Bursa Efek Indonesia (BEI) akan kedatangan enam perusahaan yang berencana melakukan penawaran umum perdana atau Initial Public Offering (IPO) pada awal Juli 2026. Perusahaan-perusahaan tersebut meliputi PT Niramas Utama Tbk (JELI), PT Prodia Diagnostic Line Tbk (PRDL), PT Esa Medika Mandiri Tbk (EMMI), PT Nitrsanata Dharma Tbk (JECX), PT Bach Multi Global Tbk (BACH), dan PT Rans Entertainmen Indonesia Tbk (RANS). Dengan beragam kriteria dan valuasi, investor memiliki banyak pilihan untuk menentukan saham mana yang menarik untuk dibeli.
Analisis Saham Menarik untuk Investor
Mirae Asset Sekuritas Indonesia mengungkapkan bahwa PRDL menjadi pilihan menarik dengan valuasi yang paling terjangkau, yakni PER antara 10,3 hingga 12,3x dan PBV post-IPO sebesar 1,2 hingga 1,4x, serta didukung oleh Grup Prodia. Di sisi lain, BACH mencatatkan ROE tertinggi sebesar 28,9 persen dan didukung oleh Grup Djarum, dengan potensi market cap sekitar Rp2,04 triliun.

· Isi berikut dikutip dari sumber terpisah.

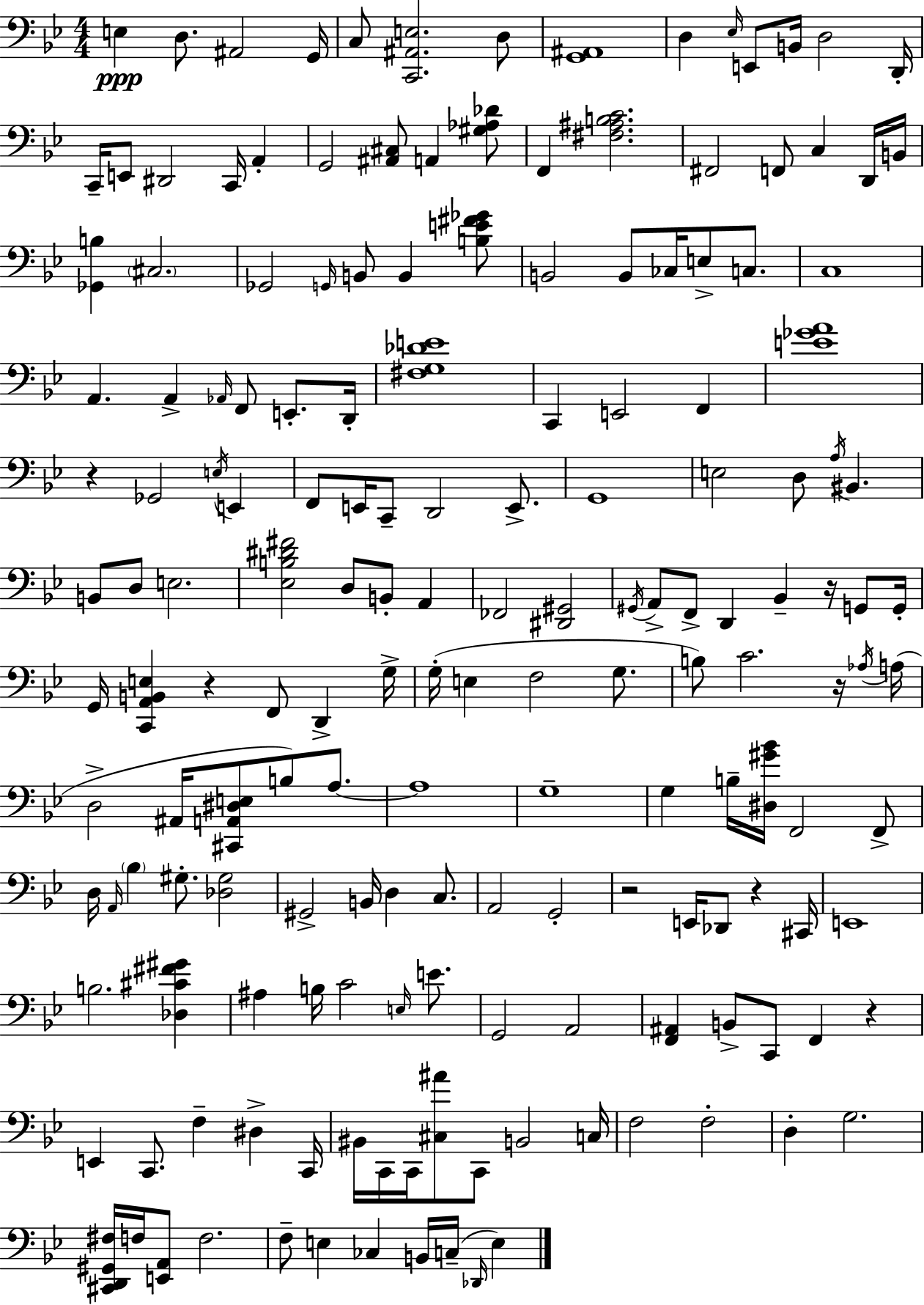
E3/q D3/e. A#2/h G2/s C3/e [C2,A#2,E3]/h. D3/e [G2,A#2]/w D3/q Eb3/s E2/e B2/s D3/h D2/s C2/s E2/e D#2/h C2/s A2/q G2/h [A#2,C#3]/e A2/q [G#3,Ab3,Db4]/e F2/q [F#3,A#3,B3,C4]/h. F#2/h F2/e C3/q D2/s B2/s [Gb2,B3]/q C#3/h. Gb2/h G2/s B2/e B2/q [B3,E4,F#4,Gb4]/e B2/h B2/e CES3/s E3/e C3/e. C3/w A2/q. A2/q Ab2/s F2/e E2/e. D2/s [F#3,G3,Db4,E4]/w C2/q E2/h F2/q [E4,Gb4,A4]/w R/q Gb2/h E3/s E2/q F2/e E2/s C2/e D2/h E2/e. G2/w E3/h D3/e A3/s BIS2/q. B2/e D3/e E3/h. [Eb3,B3,D#4,F#4]/h D3/e B2/e A2/q FES2/h [D#2,G#2]/h G#2/s A2/e F2/e D2/q Bb2/q R/s G2/e G2/s G2/s [C2,A2,B2,E3]/q R/q F2/e D2/q G3/s G3/s E3/q F3/h G3/e. B3/e C4/h. R/s Ab3/s A3/s D3/h A#2/s [C#2,A2,D#3,E3]/e B3/e A3/e. A3/w G3/w G3/q B3/s [D#3,G#4,Bb4]/s F2/h F2/e D3/s A2/s Bb3/q G#3/e. [Db3,G#3]/h G#2/h B2/s D3/q C3/e. A2/h G2/h R/h E2/s Db2/e R/q C#2/s E2/w B3/h. [Db3,C#4,F#4,G#4]/q A#3/q B3/s C4/h E3/s E4/e. G2/h A2/h [F2,A#2]/q B2/e C2/e F2/q R/q E2/q C2/e. F3/q D#3/q C2/s BIS2/s C2/s C2/s [C#3,A#4]/e C2/e B2/h C3/s F3/h F3/h D3/q G3/h. [C#2,D2,G#2,F#3]/s F3/s [E2,A2]/e F3/h. F3/e E3/q CES3/q B2/s C3/s Db2/s E3/q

Sementara itu, JECX, yang didukung oleh Grup Emtek, memiliki potensi market cap terbesar sekitar Rp4,55 triliun, meskipun valuasi perusahaan ini tergolong premium dengan PER antara 52,9 hingga 61,8x.

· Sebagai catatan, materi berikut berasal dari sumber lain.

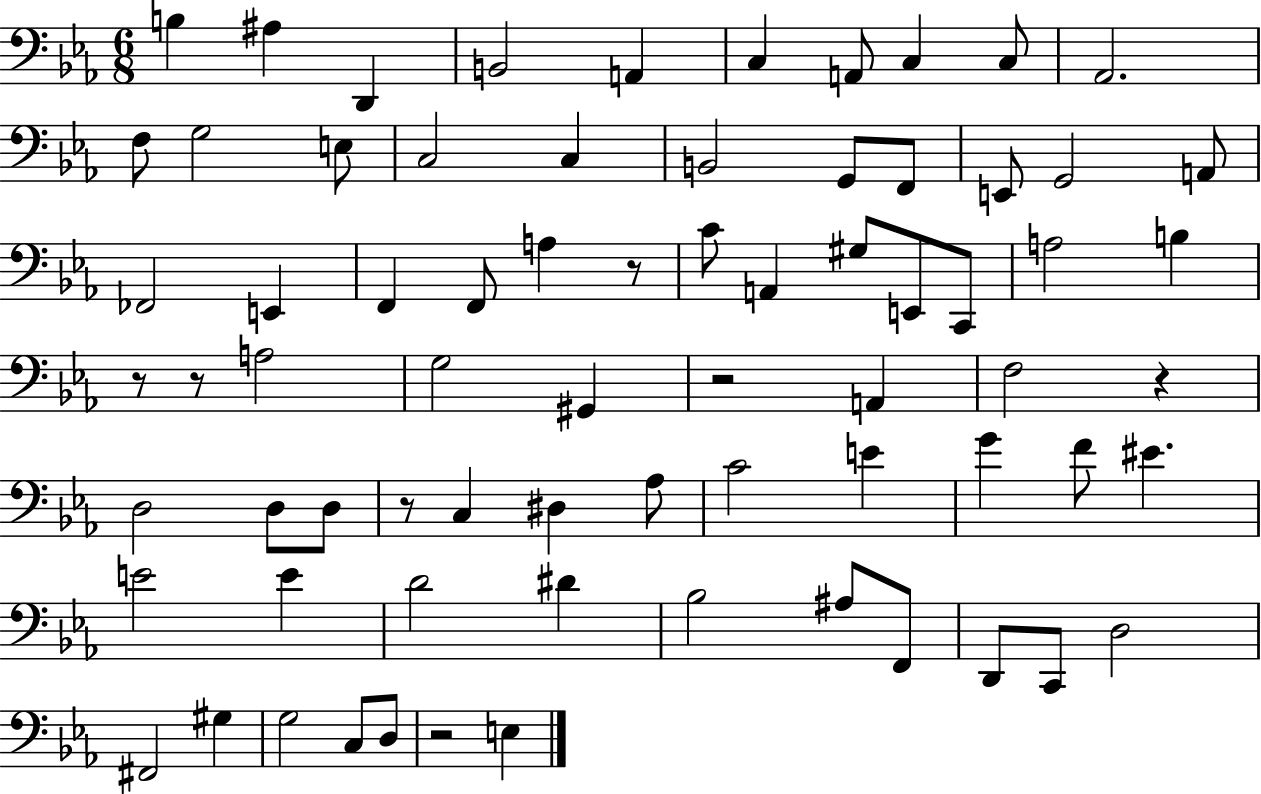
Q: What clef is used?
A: bass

Untuk RANS, perusahaan yang dimiliki oleh Raffi Ahmad ini memiliki brand awareness yang kuat, mencatat ROA tertinggi sebesar 13,2 persen dan DER terendah 0,35x. Dua perusahaan lainnya, JELI dan EMMI, juga menunjukkan ROE yang solid masing-masing sebesar 27,0 persen dan 25,2 persen. Namun, Mirae Asset Sekuritas mencatat bahwa valuasi keduanya tergolong premium dan leverage mereka relatif lebih tinggi.
Peluang Pendanaan dan Penggunaan Dana IPO
JELI menawarkan saham dengan kisaran harga Rp900 hingga Rp1.120 per lembar, dengan target penggalangan dana mencapai Rp392 miliar. Sebagian besar dana yang diperoleh akan digunakan untuk mendukung ekspansi, di mana 51,04 persen akan disuntikkan ke anak usaha PT Niramas Pandaan Sejahtera sebagai tambahan modal, 18,36 persen untuk pembelian mesin baru, dan 19,97 persen untuk modal kerja.
PRDL, yang bergerak di sektor kesehatan, menawarkan saham dengan harga Rp100 hingga Rp120 per lembar, dengan potensi penggalangan dana maksimal Rp62,75 miliar. Dari jumlah tersebut, sekitar Rp35,67 miliar akan digunakan untuk melunasi pinjaman kepada BCA dan Bank Panin, serta 28,92 persen untuk belanja modal.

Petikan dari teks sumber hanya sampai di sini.